If late capitalism can be boiled down to a social media-friendly phrase, look no further than “shrinkflation” – when goods are made smaller but still sold at exactly the same price. Figures from the Office for National Statistics reveal that as many as 206 products were made smaller between September 2015 and June 2017.
High-profile examples include Mars shrinking Maltesers, M&Ms and Minstrels by up to 15%, while Birds Eye cut the number of fish fingers in a packet from 12 to 10. The makers of Toblerone sent the internet into frenzy in 2016 after it widened the gap between the distinctive triangular chunks. Last year, after the backlash, it reverted the bar to its original shape – but bigger, and with a higher price.

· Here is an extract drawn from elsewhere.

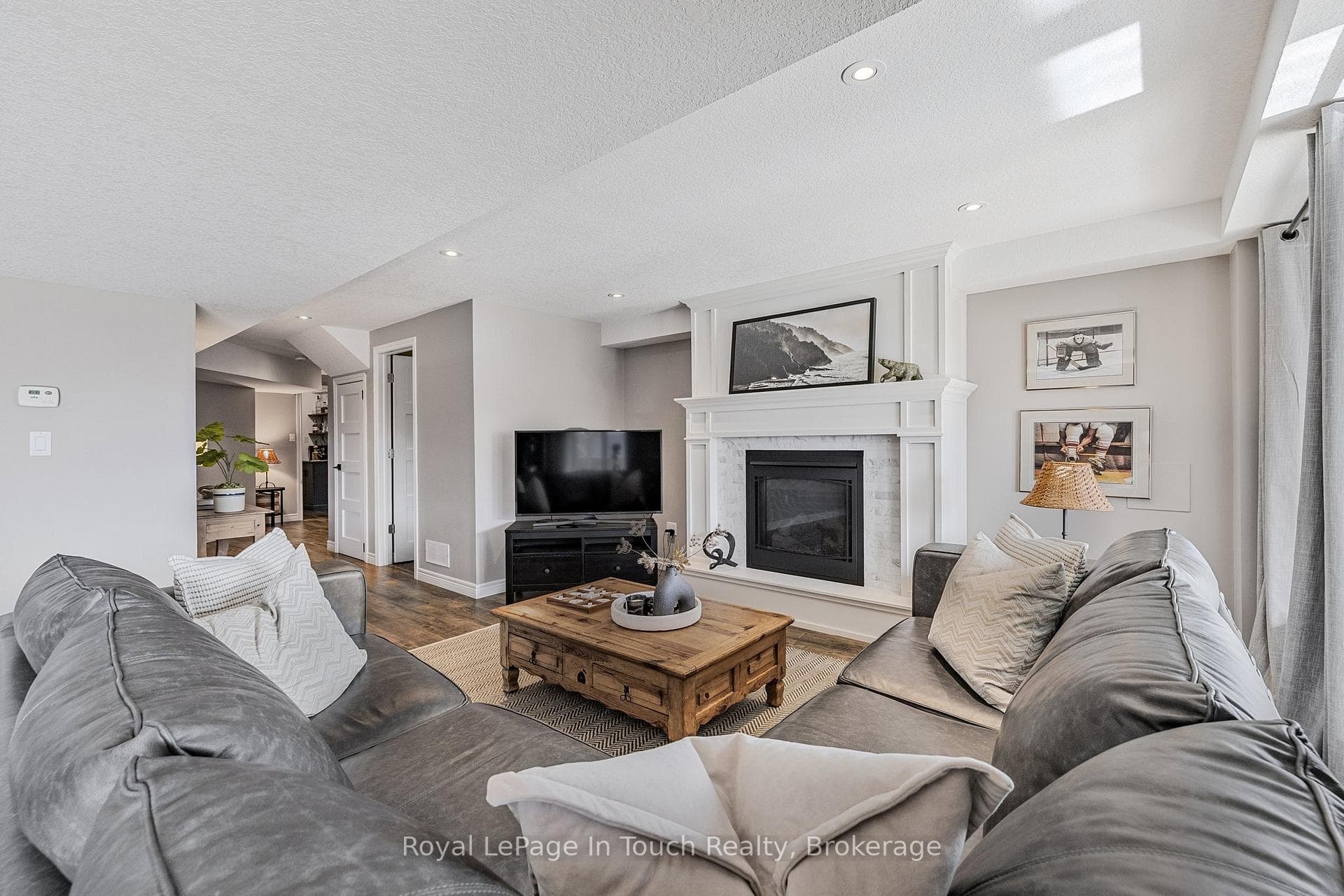 26 Oakes Crescent photo 37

The reasons behind the trend are understandable; retailers blame rising costs and increasing competition on the high street, as well as the Brexit-linked fall in the pound. The problem is, it feels sneaky – corporations quietly giving their so-called valued customers less, while taking the same money, and hoping no one will notice. Or worse, knowing we will and betting we’ll buy it anyway.
Add it all up and shrinkage isn’t just an annoyance. For the millions of people struggling with food insecurity, it’s the difference between being able to afford the weekly shop or not. Chocolates make the headlines, but this trend largely affects everyday essentials. The ONS found most size changes occur with household items such as toilet rolls, nappies, and washing-up liquid, while foods with the highest numbers of product size changes included bread and meat.
No matter what businesses are up against, shrinkflation sums up multi-million-pound companies choosing to push the cost on to already squeezed families. That leaves a bad taste in the mouth.